What is expected: Starting at the line that contains "Custom <b>Y2K</b> Sport" in the listing below, write out every line word for word until you have written the line that contains "WVX 16 Inch".

Given data:
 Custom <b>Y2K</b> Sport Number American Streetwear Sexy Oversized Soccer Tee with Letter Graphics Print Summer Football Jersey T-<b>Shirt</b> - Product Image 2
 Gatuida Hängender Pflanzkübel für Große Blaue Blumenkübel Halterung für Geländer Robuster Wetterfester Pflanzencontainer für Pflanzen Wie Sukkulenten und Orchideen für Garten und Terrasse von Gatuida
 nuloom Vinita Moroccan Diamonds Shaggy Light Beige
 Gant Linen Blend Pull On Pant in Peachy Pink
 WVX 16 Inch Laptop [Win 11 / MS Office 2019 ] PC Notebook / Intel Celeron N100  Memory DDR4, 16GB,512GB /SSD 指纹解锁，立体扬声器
---
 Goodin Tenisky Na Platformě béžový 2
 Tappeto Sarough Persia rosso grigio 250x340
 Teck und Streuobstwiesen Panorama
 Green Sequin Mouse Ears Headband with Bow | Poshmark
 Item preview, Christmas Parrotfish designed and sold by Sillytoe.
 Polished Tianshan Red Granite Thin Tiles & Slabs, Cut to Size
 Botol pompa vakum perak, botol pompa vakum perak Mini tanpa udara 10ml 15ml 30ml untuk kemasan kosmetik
* * *
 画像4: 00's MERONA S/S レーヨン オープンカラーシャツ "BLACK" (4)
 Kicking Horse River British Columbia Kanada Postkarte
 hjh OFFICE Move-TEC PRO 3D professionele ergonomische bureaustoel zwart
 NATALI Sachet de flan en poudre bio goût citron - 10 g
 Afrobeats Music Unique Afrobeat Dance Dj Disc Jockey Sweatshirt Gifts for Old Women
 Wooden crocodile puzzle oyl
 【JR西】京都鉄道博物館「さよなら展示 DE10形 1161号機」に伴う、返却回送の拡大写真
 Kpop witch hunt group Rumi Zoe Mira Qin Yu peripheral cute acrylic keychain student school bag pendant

Task response:
 Custom <b>Y2K</b> Sport Number American Streetwear Sexy Oversized Soccer Tee with Letter Graphics Print Summer Football Jersey T-<b>Shirt</b> - Product Image 2
 Gatuida Hängender Pflanzkübel für Große Blaue Blumenkübel Halterung für Geländer Robuster Wetterfester Pflanzencontainer für Pflanzen Wie Sukkulenten und Orchideen für Garten und Terrasse von Gatuida
 nuloom Vinita Moroccan Diamonds Shaggy Light Beige
 Gant Linen Blend Pull On Pant in Peachy Pink
 WVX 16 Inch Laptop [Win 11 / MS Office 2019 ] PC Notebook / Intel Celeron N100  Memory DDR4, 16GB,512GB /SSD 指纹解锁，立体扬声器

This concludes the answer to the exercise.